From these data it might be safe to assume that no marked rise in future Finnish settlement, either in urban or in rural areas, is to be expected, and that there will be a tendency for rural settlement to increase slightly. We have based our assumption of relative equilibrium not only upon what has happened during the past twenty years, but upon the probability that should free immigration, or at least a less restricted immigration of Finns, again be permitted, many foreign-born Finns will gravitate toward the rural areas as they have done in the past - an apparently normal tendency - and such rural increases will be in turn offset by the movement of native-born Finns from rural to urban centres. On the other hand, it is not uncommon for Finns who have accumulated reserve funds in the cities eventually to remove to a farm, although their children may remain in the cities. This tendency to return to the land helps to maintain an element of constancy in the number of rural Finns. One factor the effect of which cannot be determined owing to the lack of data, is the movement of Finns into Ohio from other states. While ordinarily that movement does not seem to be important, there have been times when large numbers have been attracted by the establishment of a new factory, or have been forced to find employment in another state, when industries with which they were associated in their own have ceased.

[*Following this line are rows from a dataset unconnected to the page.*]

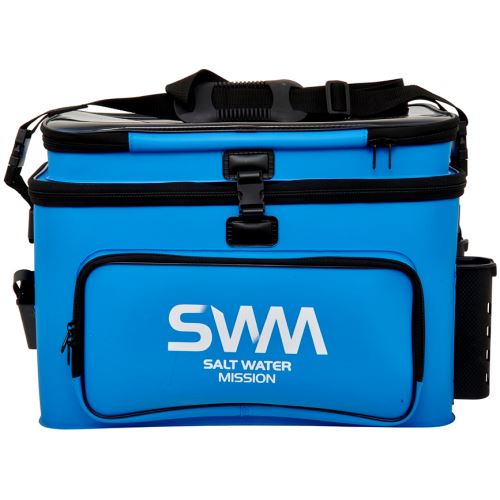 Gunki Taška Bakkan SWM Big Space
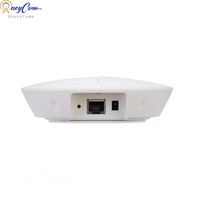 Solutions intelligentes Système de positionnement intérieur Passerelle IoT Beacon 4G WiFi Usine Suivi du personnel Passerelle IBeacon IoT sans fil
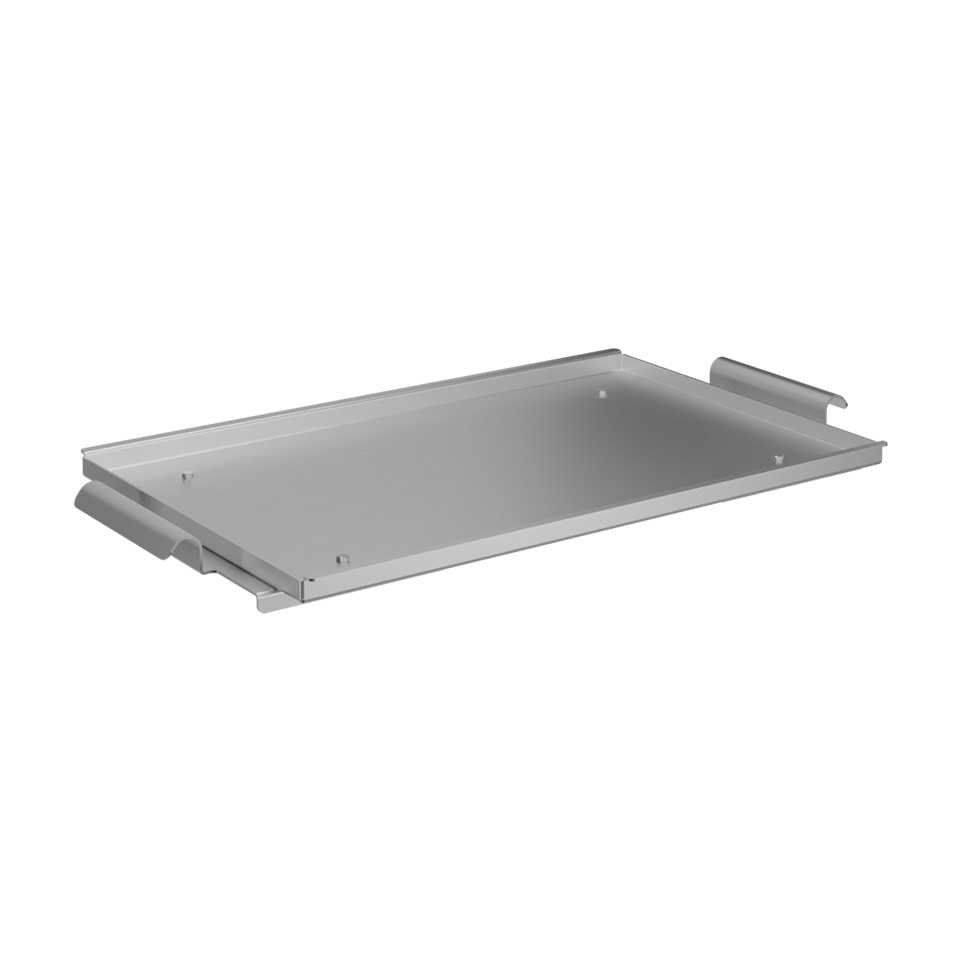 Lower Storage Shelf | Small Table (Oversize Fee)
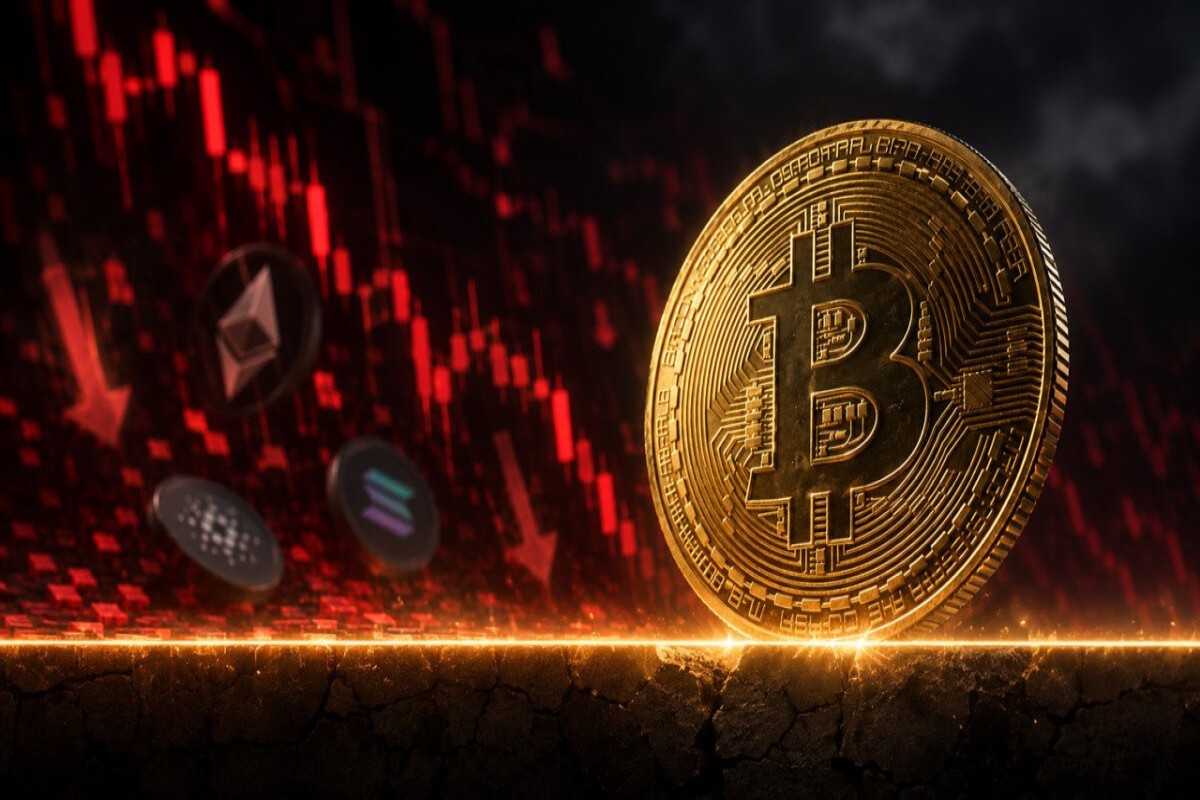 Kriptobirjada yüksəliş: “Bitcoin"in qiyməti 65 min dollara yaxınlaşıb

In Finland, the growth of urban population has been relatively slow. The nation continues to reflect an agricultural economy. This is particularly true if forestry is included with agriculture. Nevertheless, recent national policy has encouraged industrial development. These facts, coupled with rapid economic changes which have taken and are taking place in Ohio, may account in part for the urban-rural distribution in the state today. However, we must not overlook the fact that the rural urge still remains strong in the hearts of the Finns, and it is observable that when they live in towns, they choose the smaller ones, or, if they must settle in the great cities, they elect to live in suburban areas, and whenever possible rent or own a cabin upon some nearby lake, so that they may at least spend their leisure in natural surroundings.
1 All data are from the reports of the U. S. Census.

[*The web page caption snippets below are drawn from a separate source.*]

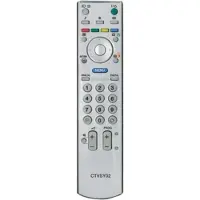 Motorola Sony Universal Fernbedienung (4 pcs)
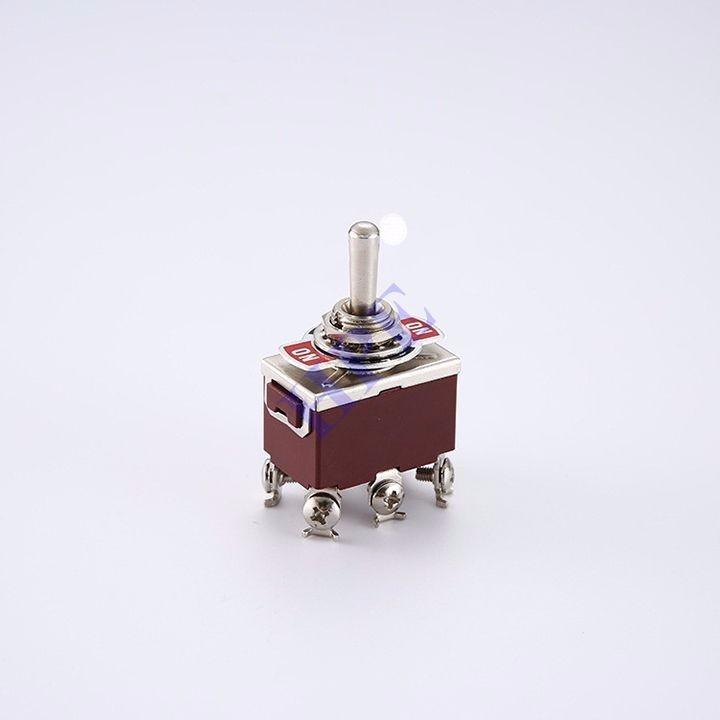 Công tắc gạt 6 chân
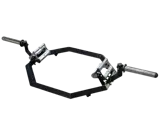 SZ Sport – Лост Trap Hex Bar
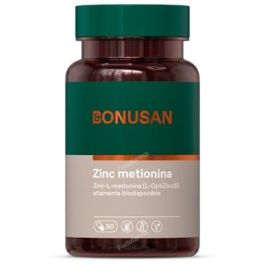 Zinc Metionina 15 Mg Precio: 13.9499998. SKU: B12H38JCCE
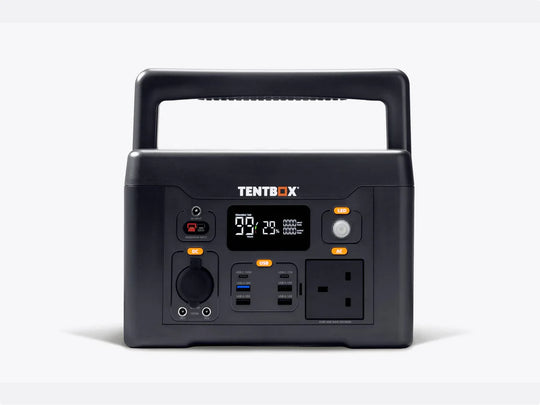 TentBox Powerstation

2See Baltic Countries, Vol. II, No. 1, May 1936, "Finns in the U.S.A. and Canada" (by the present writer), p. 35, Fig. 1.
3By non-farm is meant those who do not live on farms but in villages, even though in some instances they are owners of farms.
4Ohio has evolved from an agricultural into an industrial state. At present 42 per cent. of the total population is engaged in manufacturing, industries and mining (excluding transport and trade), whereas but 12 per cent. are engaged in agriculture (exclusive of forestry and fishing). These figures imply that the population is predominantly urban, for which there is ample evidence in the fact that 67.8 per cent. live in communities with a population of 2,500 or over. In 1890, only 41 per cent. of the population was urban.
Published in Baltic and Scandinavian Countries. Vol. III, 1937, p. 253-255.